Lamentable ! Outre le fait de remplacer des œuvres d’art qui font partie du patrimoine français, comme partie intégrante de la construction de Notre-Dame, il y a aussi l’aspect dépense somptuaire à une période difficile, où il faut économiser le plus possible.
D’ailleurs, il y a des articles du code civil (art 517)
qui parlent des objets intégrés à une construction, qui sont donc devenus des « biens immeubles par destination » et donc ne sont plus des « biens meubles ». Le statut juridique n’est donc pas celui des biens meubles, plus « favorables » au projet de macron.
Là, les biens étant immeubles, y toucher, c’est toucher à la structure même du bâtiment.
Des juristes pourraient s’emparer de cette affaire sur ce point notamment.
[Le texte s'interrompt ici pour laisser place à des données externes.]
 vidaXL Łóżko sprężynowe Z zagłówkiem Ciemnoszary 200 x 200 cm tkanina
https://fiches-droit.com/immeubles-par-destination
Bonjour Biquette; en regardant les réalisations picturales représentant des enfants, de l’artiste choisie pour réaliser les vitraux, Claire Tabouret, qui vit et travaille à Los Angelès, tu pourras peut-être faire un lien avec le personnage pervers qui veut les imposer malgré toutes les désapprobations. Encore une fois la France est humiliée par les actes insensés d’un homme devant lequel, étrangement quand même, beaucoup trop se couchent en ayant perdu leur intégrité, leur humanité.
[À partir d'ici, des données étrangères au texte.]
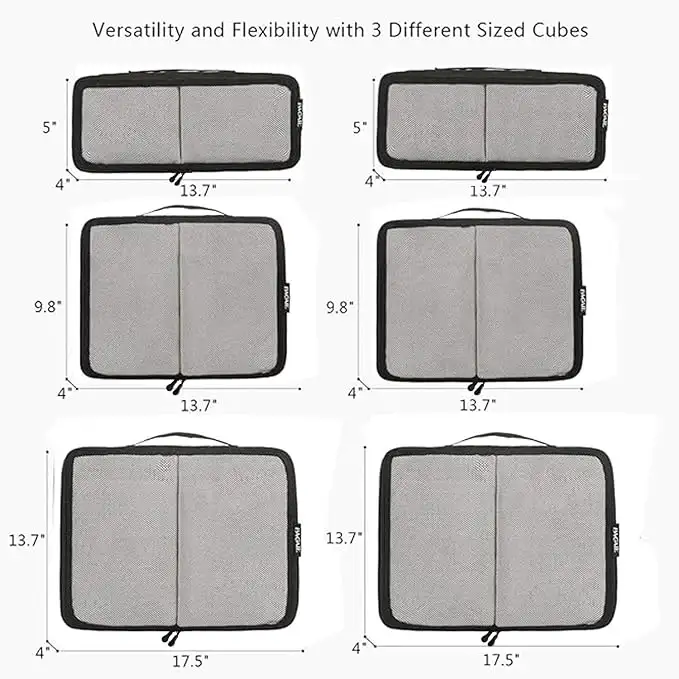 bagail-6-set-half-mesh-packing-cubes-various-sizes-travel-luggage-organizers image 6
Bonjour Arkébi, je répondais sur le plan juridique, le seul qui, si la justice faisait son boulot, serait susceptible de l’arrêter. Mais tu as tout a fait raison, les peintures de cette … « artiste » sont d’une totale perversion. Ecoeurant même !
Oui Biquette, je l’avais compris, mais la justice, depuis quelques temps, est plutôt à géométrie variable: avec un compas et une équerre on peut modifier beaucoup de règles, de lois ou ne pas respecter du tout celles existantes.
Vitraux vitreux vite remplacés…… on n’arrête pas une Force qui va, surtout si sur le cheval il n’y a que du vent, comme on dit à Castelnaudary…. mais quel vent !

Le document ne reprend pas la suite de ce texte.